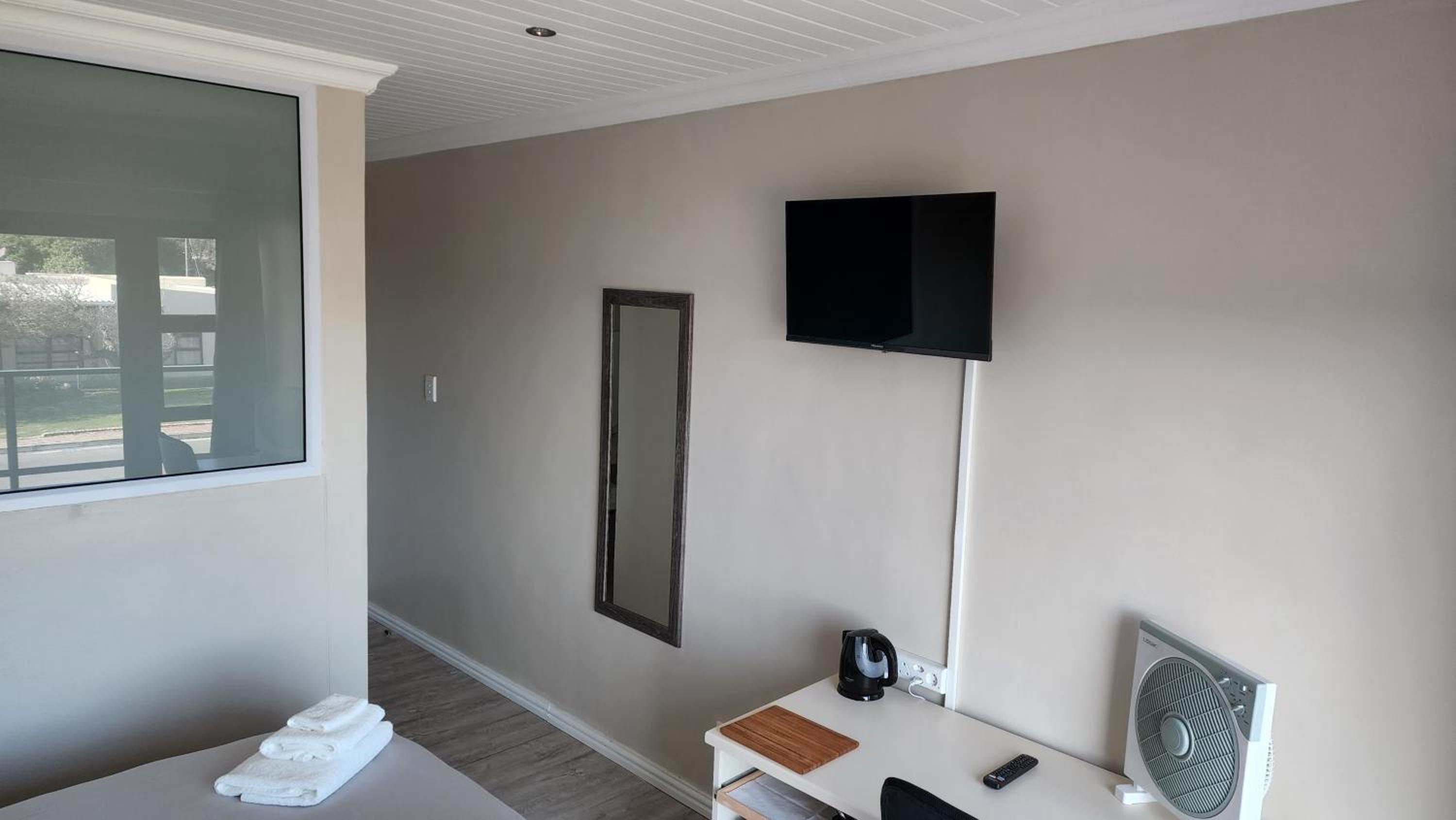 Standard Double Room photo 2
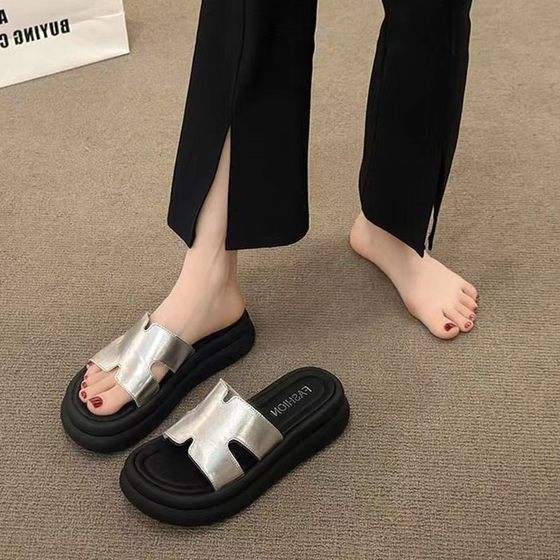 Slippers Women's 2025 Summer New Round-toe Thick-soled Increased Beach Sandals Fashionable One-word Slippers Women's Outer Wear Sandals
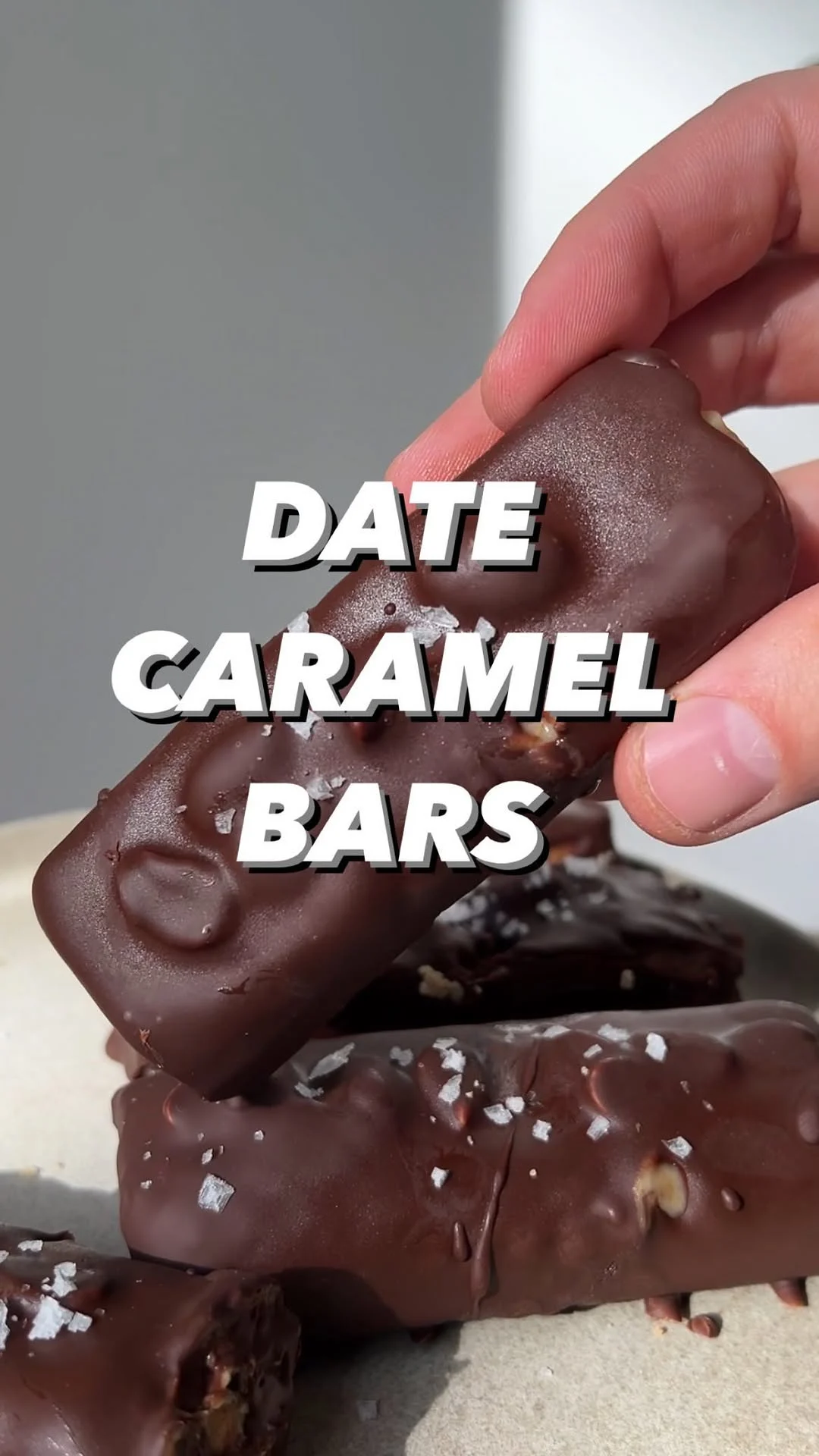 date-caramel-bars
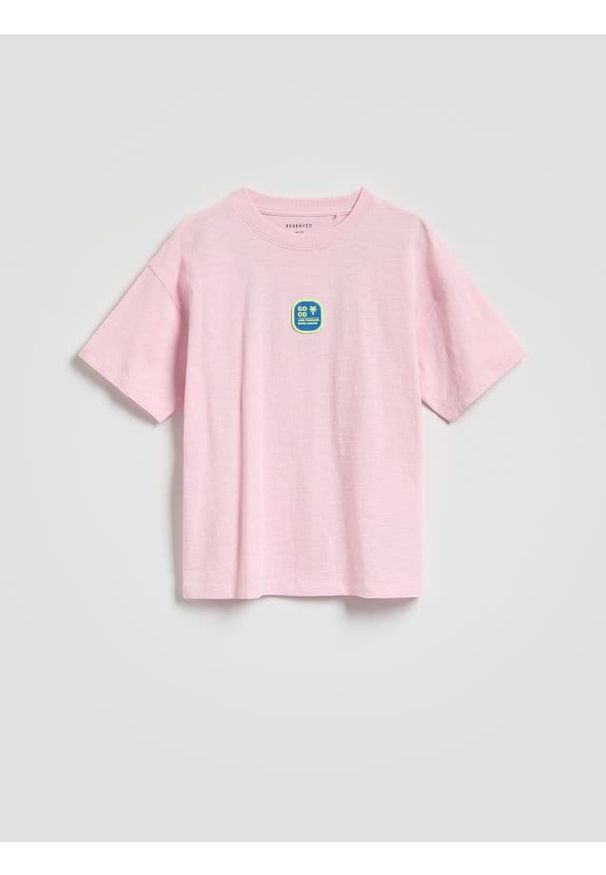 Reserved - Bawełniany t-shirt z aplikacją - pastelowy róż. Kolor: różowy. Materiał: bawełna. Wzór: aplikacja
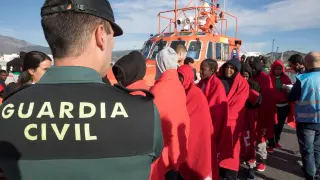 Varios inmigrantes rescatados en el mar de Alborán y trasladados al puerto de Motril (Granada)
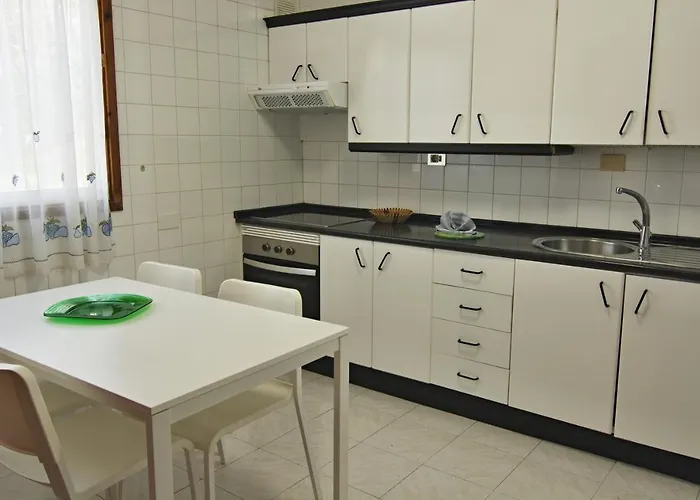 Casa Annie, Con Jardin Y Cerca La Playa * לוס כריסטיאנוס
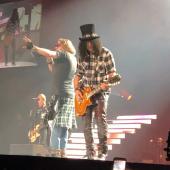 0&url=/concerts/2017/1128 san diego/slash02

+-------+

Your objective =
From the line containing "Casa Annie, Con" down to the last line of the records above, repeat every line exactly and nothing else, dropping any pictures.

Exercise answer =
 Casa Annie, Con Jardin Y Cerca La Playa * לוס כריסטיאנוס
 0&url=/concerts/2017/1128 san diego/slash02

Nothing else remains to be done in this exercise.